Als dit niet lukt, zouden vissers een tijdelijke noodregeling voor 2026 verwelkomen. Ondertussen herinnert de industrie consumenten en detailhandelaren eraan dat makreel uit de EU nog steeds verantwoord verkregen makreel is.
De kuststaten van makreel (EU, VK, Noorwegen, Faeröer, IJsland, Groenland) komen op 16 en 17 oktober opnieuw bijeen voor overleg over de totaal toegestane vangst voor 2026 en een verdelingsregeling. Zoals vermeld in haar recente standpuntnota over de vangstmogelijkheden [1], ziet de EU-industrie geen andere optie dan het wetenschappelijk advies voor 2026 (174 357 ton, een daling met 70%) op te volgen, in het belang van het bestand en onze eigen toekomst als makreelvissers. De EU betaalt nog steeds de prijs voor de langdurige overbevissing – tot 40% – door andere vloten. Er moet onverwijld actie worden ondernomen tegen dit onverantwoordelijke gedrag, aangezien de belangrijkste en meest waardevolle pelagische visserij in de EU dreigt in te storten.
De industrie roept alle kuststaten op om hun uiterste best te doen om een uitgebreide deelregeling te creëren die echte, duurzame historische staat van dienst en belangen weerspiegelt. De huidige overbevissing mag niet worden meegeteld voor een betere visserijstaat van dienst voor de betrokken partijen. Een noodregeling zou kunnen worden geïnspireerd op de verdeelsleutel van de vorige verdelingsregeling, om de kansen van het bestand op herstel naar een veerkrachtigere biomassa te vergroten. Zowel een noodregeling als een definitieve regeling moet-bepalingen bevatten om de vangsten in internationale wateren te beperken en om deze vangsten ten volle in aanmerking te nemen bij de benutting van de quota van elke kuststaat.
Aangezien het wetenschappelijk verantwoord wordt geacht om in 2026 (en 576 958 ton in 2025) 174 357 ton makreel te vangen, en aangezien de EU de enige is die deze beperkingen nog handhaaft, is het een klap in het gezicht van de vissers in de EU dat sommige milieu-ngo’s detailhandelaren en consumenten in de EU oproepen om te stoppen met de verkoop en aankoop van alle makreel – inclusief die in de EU zijn gevangen – en dat detailhandelaren in sommige EU-lidstaten in feite dat precies doen.
Tim Heddema, woordvoerder van de pelagische visserijsector in de EU, licht toe: “Deze acties van NGO’s en retailers zijn buitengewoon teleurstellend en ongepast en doen geen recht aan het wetenschappelijke advies. De gevolgen zullen juist worden gevoeld door de vissers die het minst verantwoordelijk zijn voor de huidige achteruitgang van het bestand, terwijl deze oproepen tot een boycot ontbreken in de kuststaten die verantwoordelijk zijn voor overbevissing.
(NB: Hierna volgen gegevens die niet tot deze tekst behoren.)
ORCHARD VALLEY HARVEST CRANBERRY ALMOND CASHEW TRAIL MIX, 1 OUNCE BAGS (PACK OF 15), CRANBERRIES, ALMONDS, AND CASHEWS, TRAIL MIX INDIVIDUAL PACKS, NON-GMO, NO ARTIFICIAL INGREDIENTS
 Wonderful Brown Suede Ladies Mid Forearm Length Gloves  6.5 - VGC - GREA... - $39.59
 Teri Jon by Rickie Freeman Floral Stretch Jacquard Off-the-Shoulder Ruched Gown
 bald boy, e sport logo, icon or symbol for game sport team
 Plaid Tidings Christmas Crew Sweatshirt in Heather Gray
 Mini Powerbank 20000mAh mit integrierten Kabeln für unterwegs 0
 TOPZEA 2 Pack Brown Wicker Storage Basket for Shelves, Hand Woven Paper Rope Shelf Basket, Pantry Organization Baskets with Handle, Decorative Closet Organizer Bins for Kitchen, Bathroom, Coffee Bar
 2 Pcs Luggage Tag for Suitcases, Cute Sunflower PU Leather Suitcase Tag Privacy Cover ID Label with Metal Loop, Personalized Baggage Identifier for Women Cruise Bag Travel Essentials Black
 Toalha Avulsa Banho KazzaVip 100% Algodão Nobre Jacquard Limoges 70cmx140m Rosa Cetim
Die partijen zullen hun houding niet ineens veranderen als Anna uit Amsterdam geen makreel meer kan vinden in haar plaatselijke supermarkt. De oplossing voor het probleem is een overeenkomst tussen de kuststaten en daar moet iedereen zich op richten. In de tussentijd blijft Europese makreel een verantwoorde keuze voor de consument.
[1] Standpuntnota van de EAPO-NPWG over de vangstmogelijkheden in 2026.